A plump, darting bird of sound. A custard of
a name, with a small sweet piece of chocolate in the center. Diddy-inn,
Diddy-ahn, Diddy, diddy, diddy…a name belying her steadfast, intelligent,
writerly seriousness.
I do all this
nonsense and think I should go see
someone.But then I am
into one of the essays, one that describes Berkeley in 1953 when she went to
school there. I was still in high school in Connecticut then, a sophomore.
I
never gave a thought to Berkeley, California at that time. I didn’t know Joan
Didion; she was a student and hadn’t begun her significant writing career. And
I hadn’t begun my own life—I was still a kid, a daughter, not even knowing what
I wanted to do, except that I hoped it might have some art in it. But it was still
just grades and boyfriends and clothes and music and not having a clue.
But there was
Joan Didion in Berkeley, walking those paths on the Cal campus. That these would later become paths that I
walked on when I was a wife and a mother of three in 1964, is not an image I
would have conjured. But then I left Connecticut in 1959 to go to California
and we had gotten to Berkeley by 1964.
I still hadn’t
read her.
But I’m in and
out of her book this night, because I keep bringing up the two of us, utterly
different in every way, remembering images of her from magazine photos, thin,
tiny little her, with her straight hair and bangs, simple good clothes, a
solemn look on her face.
Her sentences stride along on the pages and I am
constantly impressed with the way she sees things. She writes about
both-sides-now, like the Joni Mitchell song.
From her
group, “Sojourns,” this fragment, her own, non-Kerouac, “On the Road,” ---I agreed passionately. I disagreed passionately. I called room
service on one phone and listened attentively on the other to people who seemed
convinced that the “texture” of their lives had been agreeably or adversely
affected by conversion to the politics of joy, by regression to lapidary
bleakness, by the Sixties, by the Fifties, by the recent change in
administrations and by the sale of The Thorn Birds to paper for
one-million-nine.
She sat
there---so many theres---and took notes in her little notebook. She was In Person to the events of the Day
and she mused in print about Huey P. Newton and Eldridge Cleaver, the strike at
San Francisco State, the Sharon Tate-La Bianca murders.
There is something very compelling about the
quiet way she assesses each subject. She has reminded me, (and why do I always
forget this?) of the millions of different stories walking around, the ones
that can eject a person from self-involvement for a moment.
So nice to get Out
of oneself! So nice to observe the rest of humanity!
This book is a
beauty. How lucky for me to have
forgotten the contents over the years and be returned to it, almost as new, so
much time later.
So then it
became morning and I took the book out of the bed and brought it downstairs.

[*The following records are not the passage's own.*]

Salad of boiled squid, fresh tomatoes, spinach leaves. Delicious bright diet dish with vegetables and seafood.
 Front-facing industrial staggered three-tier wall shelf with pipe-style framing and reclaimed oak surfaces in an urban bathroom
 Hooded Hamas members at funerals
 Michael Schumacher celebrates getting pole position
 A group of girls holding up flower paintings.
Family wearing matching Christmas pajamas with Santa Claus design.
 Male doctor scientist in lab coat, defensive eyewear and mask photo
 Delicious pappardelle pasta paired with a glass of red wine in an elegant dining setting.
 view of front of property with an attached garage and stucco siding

In
the afternoon, I brought it along to two doctors’ appointments and a couple of
trips to Lunardi’s, just in case the lines were long.
I was disappointed when
they were not.
I stopped saying the author’s name whimsically and instead
nodded to her, wherever she is, in admiration. And by now I have made a list in
my mind of the people I must buy copies for, so I can envision their lit-up
faces when they open the first pages and read the title section of “The White
Album.”
Treasure.
LOvely.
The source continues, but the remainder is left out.